27.01.2020 – der Freitag- Kimia Shahverdi – In der „Süddeutschen“ erschien am 21. Januar einen Artikel der „Iran-Expertin“ Katajun Amirpur mit der Überschrift „Der persische Stolz“. Dort schreibt die Professorin für Islamwissenschaft am Orientalischen Seminar der Universität zu Köln über eine Zustandsbeschreibung der iranischen Gesellschaft im Zuge der iranischen Volksaufstände und dem Tod von Qassem Soleimani, dem Oberkommandeur der terroristischen Quds Force in den Revolutionsgarden (IRGC).

Begonnen wird der Artikel – nach einer kurzen Einführung – mit den „Heldentaten“ von Qassem Soleimani im Irak im Rahmen des Kampfes gegen IS. Dass diese islamistische Terrororganisation überhaupt nur entstand, weil sich die andere islamistische Terrororganisation der Revolutionsgarden – unter gnädigen Wegschauen der internationalen Gemeinschaft im Rahmen der Erpressung mit Kernwaffen und nach dem Rückzug der USA 2009 aus dem Irak – in der Region massiv ausbreitete, ist gleich der erste Fehler, der in diesem Artikel zu bemängeln ist.

Soleimani hat nicht „heldenhaft“ für die „Befreiung“ des Irak durch IS gekämpft. Er hat vor allem unter anderem in der al-Anbar Region in Falludschah und anderen Städten des Bezirkes ethnische Säuberungen an der sunnitischen Zivilbevölkerung vornehmen lassen. Soleimani‘s Quds Force sind auch an Verbrechen gegen die Menschlichkeit in Syrien beteiligt gewesen und sie ließen auf Wunsch der Regierungen die Demonstranten im Irak und Iran zusammen schießen. Solch einen Verbrecher gegen die Menschlichkeit, der zudem für die Ermordung tausender irakischer Intelektuelle und hunderter US Soldaten verantwortlich war, als Helden zu titulieren, ist einfach nur eine Verklärung der Tatsachen und sie verdrängt auch, dass im Iran bereits seit Monaten zahlreiche Poster von Soleimani und seinem Meister Khamenei herunter gerissen und verbrannt wurden.

Der nächste Fehler ist die Vermutung, dass Volk würde jede Regierung mehr lieben, als eine Einmischung von außen. Je nachdem, was man unter Einmischung verstehen will, wird diese nicht belegte Aussage durch die Proteste im Iran nicht untermauert. Das iranische Volk liebt die westlichen Werte von Menschenrechten, Demokratie und Gleichberechtigung der Geschlechter. Es wünscht sich mehr Unterstützung von den Vereinten Nationen und der internationalen Gemeinschaft im Hinblick auf die Isolation des Mullahregimes. Dies ist in den Slogans der Volksaufstände zu hören gewesen.

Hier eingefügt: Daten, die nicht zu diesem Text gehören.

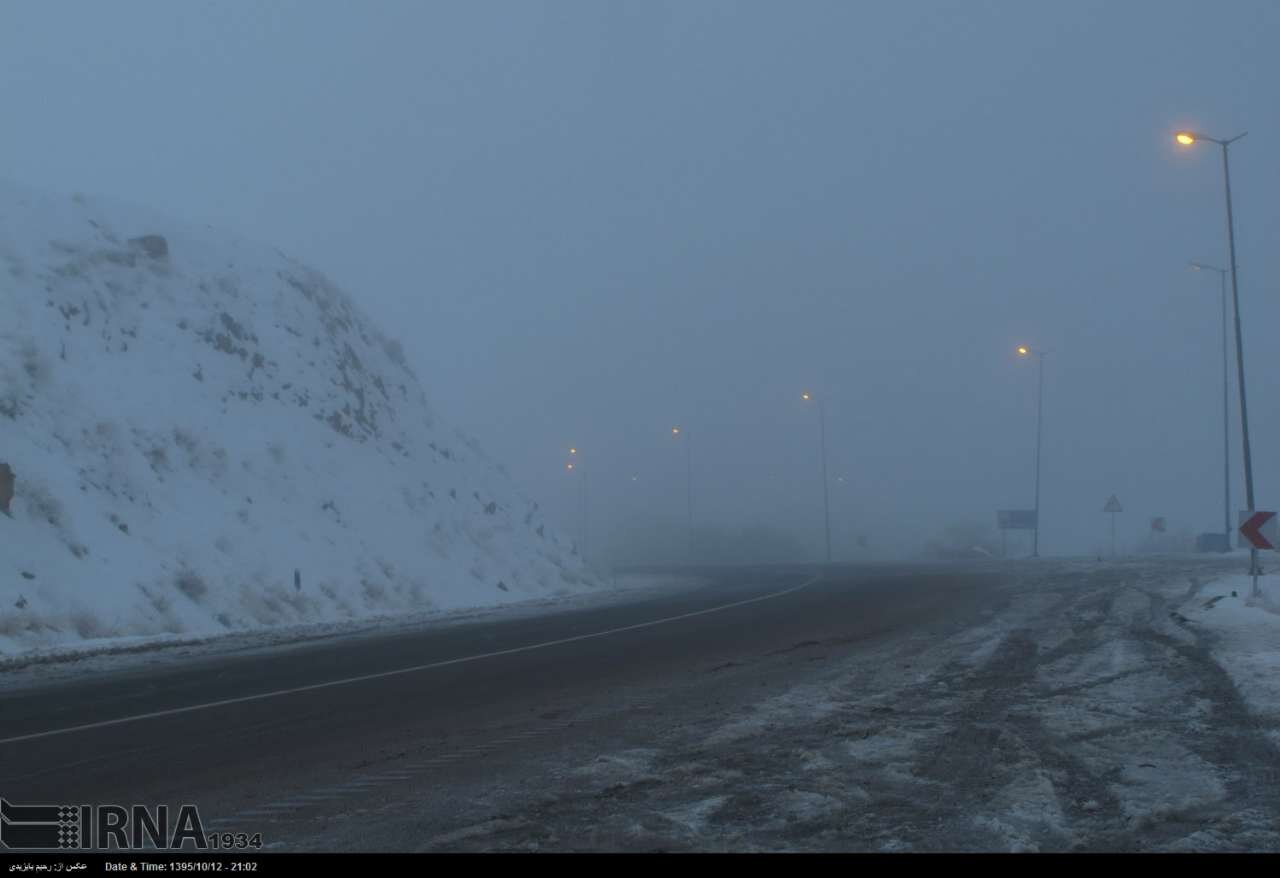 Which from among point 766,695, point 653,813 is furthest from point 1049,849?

Das Einzige, was der iranische demokratische Widerstand ablehnt, ist eine militärische Intervention von Außen. Doch die Iraner wissen auch, dass ihr Land nach dem Sturz des Regimes nur mit internationaler Hilfe wieder aufgebaut werden kann. Sie wollen ein Teil der internationalen Gemeinschaft sein und sich an deren Regeln und Vorteile halten. Dafür werden sie zuerst erst einmal das Mullahregime beseitigen und in freien Wahlen ihre Regierung bilden und dann werden sie die internationale Unterstützung dort zulassen, wo es ihrem Land einen Nutzen bringt.

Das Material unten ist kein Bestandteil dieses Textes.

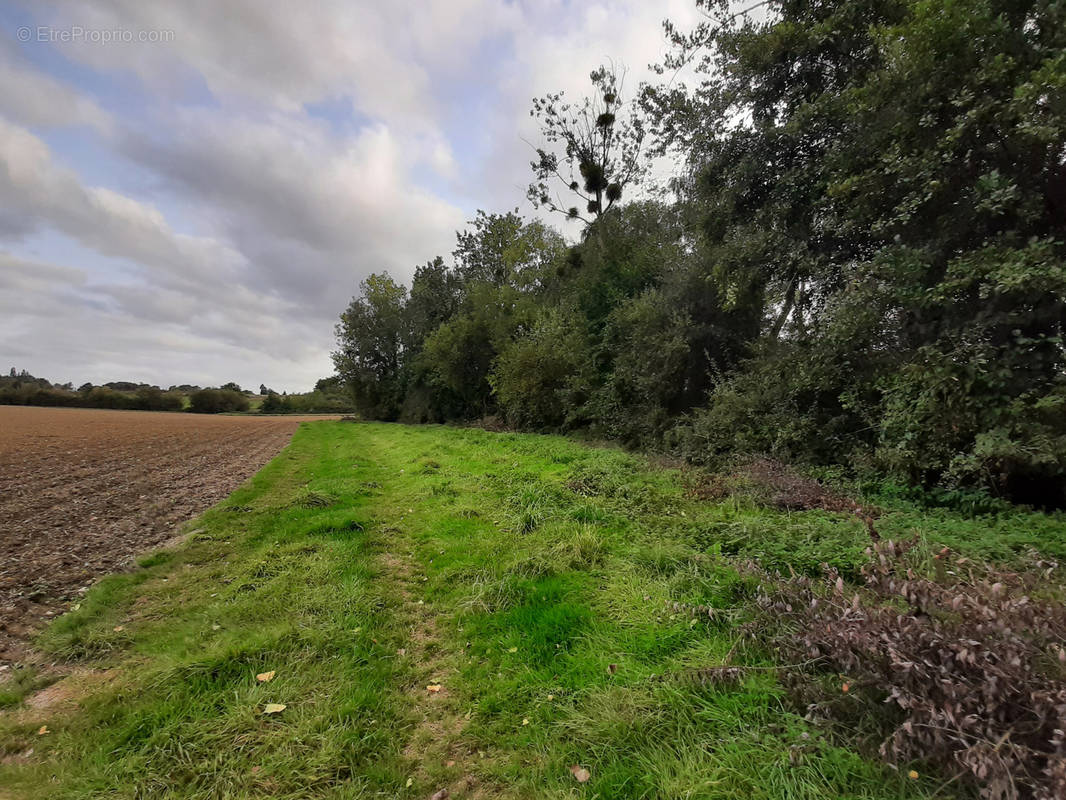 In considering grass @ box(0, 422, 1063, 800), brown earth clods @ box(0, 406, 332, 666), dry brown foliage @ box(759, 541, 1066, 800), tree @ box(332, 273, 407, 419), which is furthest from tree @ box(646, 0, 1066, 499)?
tree @ box(332, 273, 407, 419)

Die Iraner sind ein patriotisches und stolzes Volk und lieben ihre Kultur, da hat Frau Amirpur recht. Aber es waren vor allem die Revolutionsgarden und das Mullahregime, welche die Kulturstätten von Iranern zerstören ließen, allen voran von ethnischen und religiösen Minderheiten.

Der angebliche Wunsch des iranischen Volkes nach „Nicht-Einmischung“ kann als ein weiterer verzweifelter Versuch der Verfechter der Beschwichtigungspolitk verstanden werden, die Existenz des iranischen Regimen noch in irgendeiner Weise zu rechtfertigen und damit das Versagen dieser Politik nicht eingestehen zu müssen.

Weil ihnen die Fakten ausgehen (1500 Tote Demonstranten, Beteiligung von Rouhani‘s Justizminister am Massaker von 1988, fortgesetzte Menschenrechtsverbrechen) und auch das Märchen vom „moderaten Mullah“ Rouhani gescheitert ist, müssen nun andere Dinge als Begründung für den Erhalt des klerikalen Regimes produziert werden. Dass dafür jedoch ausgerechnet das iranische Volk nach 120.000 Toten Dissidenten und Millionen Flüchtlingen unter der Mullahdiktatur heran gezogen wird, ist einfach nicht akzeptabel.

Das iranische Volk ist zu Hunderttausenden auf die Straßen gegangen. Millionen weitere Iraner taten es nur deshalb nicht, weil sie vor den Androhungen von Folter- und Hinrichtung zu viel Angst haben. Die Claqueure von Soleimani und Co. bestehen hauptsächlich aus denen, die noch vom Regime profitieren und die Angst vor Veränderungen haben. Doch das ist eine kleine Schicht im Iran.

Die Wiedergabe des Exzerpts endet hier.